4

I work for a banking project and their requirement is to generate unique transaction reference for each transaction. The format for UTR is:

<BankCode><YYDDD><5 digit SequenceId>.

This 5 digit sequence ID can be alphanumeric as well. The transaction count each day can go up to 100-200K.

If I use an Oracle sequence then I can have only 10K values.

I tried to use SecureRandom generator and generated 200K 5 length string but it generated around 30 duplicate strings.
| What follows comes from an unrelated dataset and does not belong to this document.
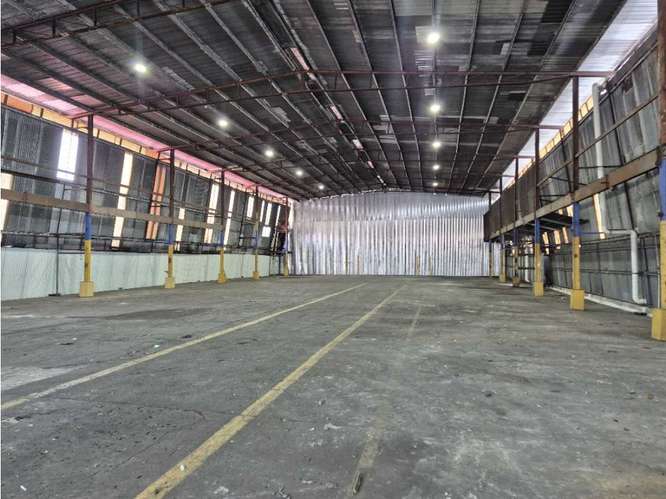 Alquiler de Galera de 1,306 mts en área industrial de los Angeles - Imagen 6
Below is the code snippet I used

int leftLimit = 48;
int rightLimit = 122;
int i1=0;
Random random = new SecureRandom();
while (i1<200000) {
    String generatedString = random.ints(leftLimit, rightLimit+1)
                                   .filter(i -> (i<=57||i>=65) && ( i<=90|| i>=97))
                                   .limit(5)
                                   .collect(StringBuilder::new,
                                            StringBuilder::appendCodePoint,
                                            StringBuilder::append)
                                   .toString();
    System.out.println(generatedString);
    i1++;
}
Abra
  • 19,142
  • 7
  • 29
  • 41
  • 5
    *"This 5 digit seqid can be alphanumeric"* --- What does that mean? Each position can be `0-9` or `A-Z`? Is `a-z` allowed too and considered different from `A-Z`? Any other characters allowed? --- If only `0-9` and `A-Z` is allowed, that would be 36 distinct characters, which means a Base-36 number. With 5 "digits" in Base-36, you can have 36^5 = 60466176 different values. --- *FYI:* The Java `Integer` class can format Base-36 numbers. – Andreas Sep 26 '20 at 06:48
  • Count in base 36 instead of using random numbers. – tgdavies Sep 26 '20 at 06:52
  • Hi Andreas, Thanks for the response. position can be 0-9 or A-Z. No special characters allowed in generated reference – user5740099 Sep 26 '20 at 06:56
  • 1
    Well... the result is expected. This is a variation of the [birthday problem](https://en.wikipedia.org/wiki/Birthday_problem). In total, you have `36^5` possible passwords. The probability of pulling 100k passwords without duplicates is [`((36!) / (36! - 100000)!) / ((36^5)^100000) ~ 1.70 * 10^-36`](https://www.wolframalpha.com/input/?i=%28%2836%5E5%29%21+%2F+%2836%5E5+-+100000%29%21%29+%2F+%28%2836%5E5%29%5E100000%29), aka. very unlikely. – Turing85 Sep 26 '20 at 07:07
  • 3
    Why use random if you want a sequence? – Joakim Danielson Sep 26 '20 at 07:27
  • my [formula](https://stackoverflow.com/questions/64074677/how-to-generate-a-5-character-unique-alphanumeric-value-in-java#comment113306016_64074677) has a typo, it is not `((36!) / (36! - 10000)!) ...` but `((36^5)! / (36^5 - 100000)!)`. The formula on wolframalpha, however, is correct. – Turing85 Sep 26 '20 at 07:31
  • Hi Joakim, <5 digit SeqId> means i can change only these 5 digit values in my transaction reference. Its not necessarily to be in sequential order but generated UTR must be unique. e.g. NBOB20270X1ZFC where NBOB is bank code, 20270 is Julian date and X1ZFC is 5 char alphanumeric string. So for a day i want to generate last 5 char as unique string always. – user5740099 Sep 26 '20 at 07:41
  • 1
    Yes but isn't a sequence the easiest way to make sure each value is unique? Unless you have other requirements of course. – Joakim Danielson Sep 26 '20 at 07:51
  • If you have a specific sequence, there's always a possibility that somebody could work out the sequence, and generate valid values. I suspect that the only way to avoid any risk of repetition is to store the values already issued (or hashes of them) and then don't issue them again. Of increase the number of character positions until the risk of duplicates is acceptably small. – Kevin Boone Sep 26 '20 at 08:12

3 Answers3

0

If you want a pseudo-random sequence, I suggest you use a custom Feistel implementation. Feistel is designed to be a reciprocal mechanism, so you can decode Feistel by reapplying it, meaning that i == feistel(feistel(i)) and if you go from 1 to X you will get all numbers between 1 and X exactly once. So no collision.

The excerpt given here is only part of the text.